Caption-style text data
============

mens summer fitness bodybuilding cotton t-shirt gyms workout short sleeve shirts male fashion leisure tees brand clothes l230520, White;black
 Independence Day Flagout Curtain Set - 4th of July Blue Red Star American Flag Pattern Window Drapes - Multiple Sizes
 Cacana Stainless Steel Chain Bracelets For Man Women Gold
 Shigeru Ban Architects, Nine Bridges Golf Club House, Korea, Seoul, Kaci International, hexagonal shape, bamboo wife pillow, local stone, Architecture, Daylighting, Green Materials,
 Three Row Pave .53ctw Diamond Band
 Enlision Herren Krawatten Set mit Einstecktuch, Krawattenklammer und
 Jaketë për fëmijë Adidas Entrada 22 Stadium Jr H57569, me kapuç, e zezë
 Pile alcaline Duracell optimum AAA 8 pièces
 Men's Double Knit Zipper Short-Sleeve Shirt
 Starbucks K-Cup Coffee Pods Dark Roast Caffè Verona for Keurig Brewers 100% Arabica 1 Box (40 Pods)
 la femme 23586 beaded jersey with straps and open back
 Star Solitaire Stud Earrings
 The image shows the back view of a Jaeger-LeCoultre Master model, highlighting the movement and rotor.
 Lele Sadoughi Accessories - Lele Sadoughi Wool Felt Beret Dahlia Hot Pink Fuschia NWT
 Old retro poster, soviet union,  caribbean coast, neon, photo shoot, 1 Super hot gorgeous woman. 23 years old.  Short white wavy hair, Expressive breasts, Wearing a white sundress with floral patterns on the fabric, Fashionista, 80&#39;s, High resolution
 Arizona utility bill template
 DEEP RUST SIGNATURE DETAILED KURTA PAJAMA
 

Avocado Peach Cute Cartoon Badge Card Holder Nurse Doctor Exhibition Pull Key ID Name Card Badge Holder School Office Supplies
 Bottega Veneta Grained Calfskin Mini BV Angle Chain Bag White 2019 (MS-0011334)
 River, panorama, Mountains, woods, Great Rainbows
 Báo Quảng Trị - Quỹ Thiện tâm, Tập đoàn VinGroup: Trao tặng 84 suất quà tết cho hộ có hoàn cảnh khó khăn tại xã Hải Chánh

============

What is required - Write down exactly the line with "DEEP RUST SIGNATURE DETAILED KURTA PAJAMA", then each line after it through the end of the data.

Exercise answer -
 DEEP RUST SIGNATURE DETAILED KURTA PAJAMA
 

Avocado Peach Cute Cartoon Badge Card Holder Nurse Doctor Exhibition Pull Key ID Name Card Badge Holder School Office Supplies
 Bottega Veneta Grained Calfskin Mini BV Angle Chain Bag White 2019 (MS-0011334)
 River, panorama, Mountains, woods, Great Rainbows
 Báo Quảng Trị - Quỹ Thiện tâm, Tập đoàn VinGroup: Trao tặng 84 suất quà tết cho hộ có hoàn cảnh khó khăn tại xã Hải Chánh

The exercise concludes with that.